Eli’s face went dead. ‘You want to keep it for him because it’s his “real” family’s home.’
The words cut through Lena like a knife, yet as painful as it was, Eli was right. He might be raising Emmet, and doing a wonderful job, but this house belonged to Emmet because it had belonged to Malachy, and Malachy’s father, and Malachy’s mother’s family before that. And now Lena wanted to keep it for her son. ‘We’re his family, but this house is his birthright, don’t you see that? It has to be Emmet’s.’
Eli stared at her for a long time. The flames danced in the grate, but she shivered, like the room around her was growing cold.
Finally he said, ‘Like I told you, I don’t discriminate between our children. But you do. I see it now. You always have done.’
Her heart twisted. ‘Don’t be ridiculous, Eli. I just meant –’
‘Except I’m not being ridiculous, am I? Lena, it’s written all over your face.’
‘That’s not what I’m saying at all. You’re not listening.’
‘Oh, I’m listening. You want to keep this mausoleum to the past because you think it’s our son’s birthright, that he should have something from his real father, and not any inferior house that I can buy him. I very foolishly thought I was Emmet’s father and we were his family. I thought that we were enough, that I was enough. Clearly not.
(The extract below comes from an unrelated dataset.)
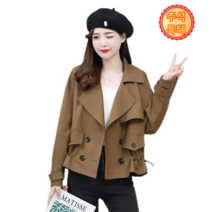 여성 쇼트 스프링 코트 여성 가을 자켓 구김 저항 내마모성/ 보풀 쉽게 생기지 않음
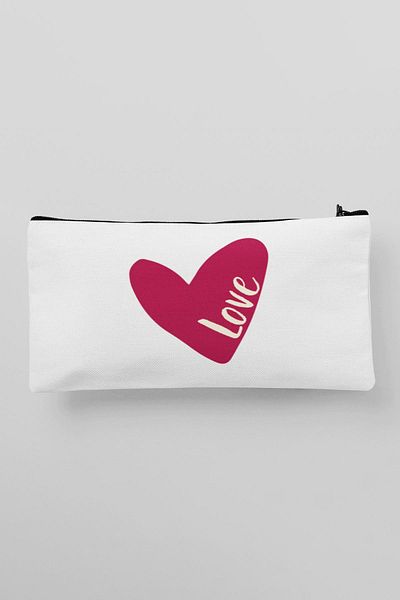 qoeuyl boutique Geantă de machiaj din pânză imprimată Love Heart Portofel pentru stilouri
The child I decided to raise as my own son –’
‘And I’m grateful to you, of course I am, but –’
Eli bolted to his feet, towering over her, his normally kind brown eyes glittering now in hurt and rage. ‘Grateful to me? That’s what you feel? The foundation of our marriage is gratitude? Then you do what you must to keep your favourite child’s birthright, Lena. I know better than to stand in your way. You think you know better than anyone, and we wonder where Emmet gets it? You know my feelings. If you choose to go against them, I can’t stop you, but I won’t have anything to do with it.’
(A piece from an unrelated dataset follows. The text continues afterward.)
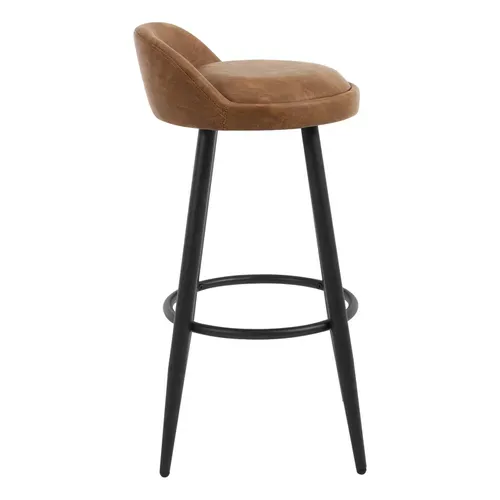 Lot De 2 Tabouret De Bar-Tabouret De Comptoir Avec Dossier Et Repose-En Similicuir Et Métal-Brun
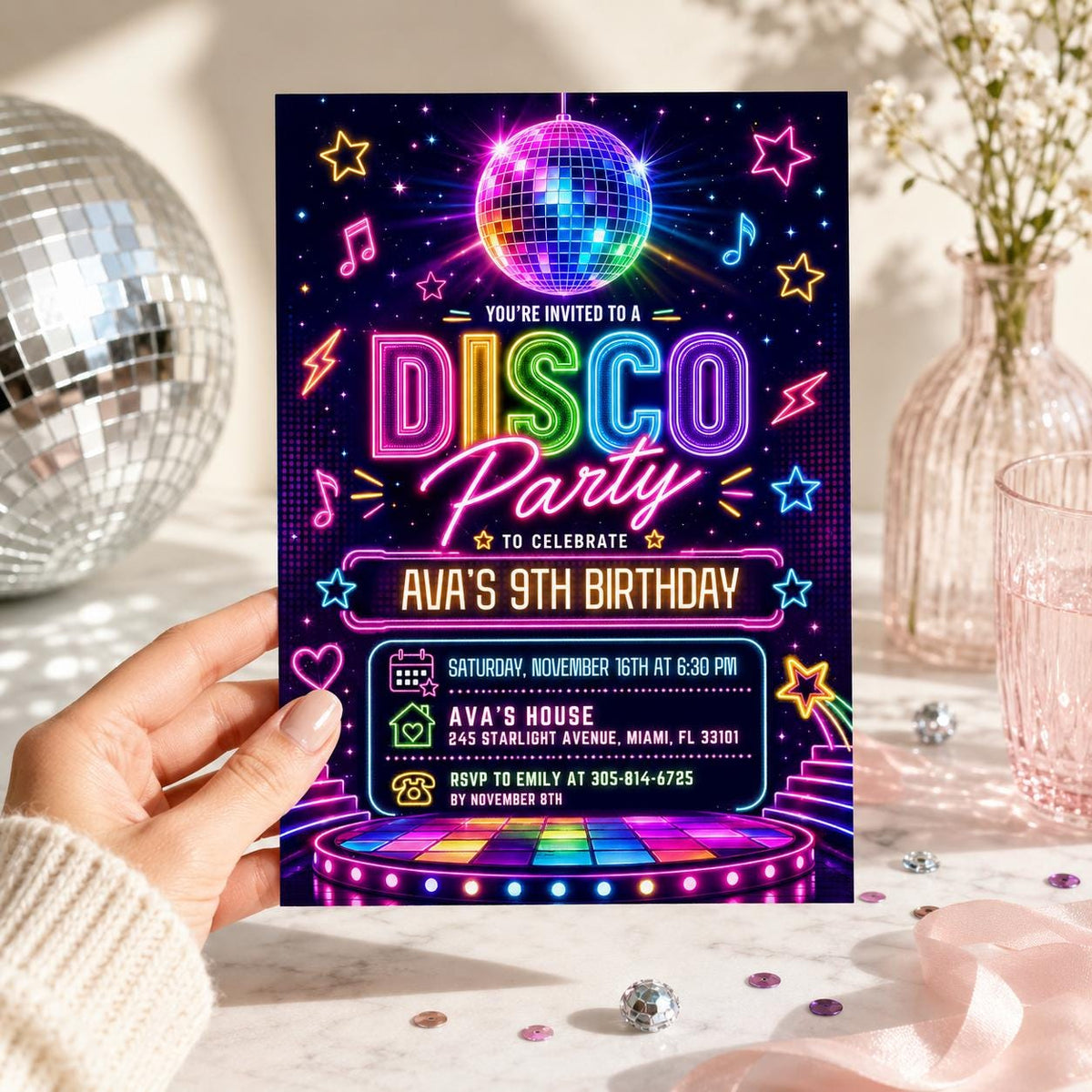 Neon Disco 9th Birthday Invitation with Dance Floor — print-ready 9th birthday party design from VoltBy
Without saying another word, he stormed out of the room, slamming the door as he left. A moment later, the front door also slammed, and she heard the car start. It was something he did on the rare occasion that he lost his temper with her; he would go for a long drive while he calmed down and then come back and apologise for his behaviour and they would kiss and make up.
This time he would surely do the same, and then they would talk and he would forgive her and understand.